Run qce and load the BigQuery library with

q)\l bq.q_

If you want to access private projects during development, you can register an access token

$ export GOOGLE_TOKEN=$(gcloud auth print-access-token)
$ qce
q)\l bq.q_
q).kurl.register (`oauth2; "*.googleapis.com"; ""; enlist[`access_token]!enlist getenv `GOOGLE_TOKEN)

Running as a qp application

When you're running inside a Docker container and want to access private BigQuery projects you will need to register your authentication token for BigQuery manually.

A simple way to do this is to pass the access token from your local computer into the container so that you can use it for registration.

Create a project with the structure below

$ mkdir app
$ cd app
$ tree .
.
├── bq.qpk
├── main.q
└── qp.json

0 directories, 3 files

Make sure that the project specifies bq as a depenendency

{
    "app": {
        "entry": [ "main.q" ],
        "depends": [ "bq" ]
    }
}

Build and tag an image to run

$ qp build
$ qp tag app 0.1.0

Run the container and pass in the access token as an environment variable

$ docker run --rm -it --env-file qpbuild/.env -e GOOGLE_TOKEN=$(gcloud auth print-access-token) app:0.1.0

Inside the container register with kurl manually

q).kurl.register (`oauth2; "*.googleapis.com"; ""; enlist[`access_token]!enlist getenv `GOOGLE_TOKEN)

Exploring the workspace

The workspace contains all of the BigQuery resources and their available methods.

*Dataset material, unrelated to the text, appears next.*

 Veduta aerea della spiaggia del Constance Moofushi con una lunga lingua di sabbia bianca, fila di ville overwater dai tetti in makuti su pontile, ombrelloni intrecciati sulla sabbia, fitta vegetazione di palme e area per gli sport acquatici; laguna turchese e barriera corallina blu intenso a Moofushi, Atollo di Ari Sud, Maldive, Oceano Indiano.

You can list the available resources

q).com_kx_bq.disc.listResources[]
`rowAccessPolicies`models`tabledata`datasets`tables`projects`routines`jobs

and get a description of the methods that a given resource supports.

q).com_kx_bq.disc.describeMethodsForResource`datasets
method httpMethod parameters           request             response                description   ..
-------------------------------------------------------------------------------------------------..
update PUT        `projectId`datasetId (,`$ref)!,"Dataset" (,`$ref)!,"Dataset"     "Updates infor..
list   GET        ,`projectId          ::                  (,`$ref)!,"DatasetList" "Lists all dat..
patch  PATCH      `projectId`datasetId (,`$ref)!,"Dataset" (,`$ref)!,"Dataset"     "Updates infor..
delete DELETE     `projectId`datasetId ::                  ::                      "Deletes the d..
get    GET        `projectId`datasetId ::                  (,`$ref)!,"Dataset"     "Returns the d..
insert POST       ,`projectId          (,`$ref)!,"Dataset" (,`$ref)!,"Dataset"     "Creates a new..

As you can see, each method takes some parameters. You can get some more detailed information on these parameters.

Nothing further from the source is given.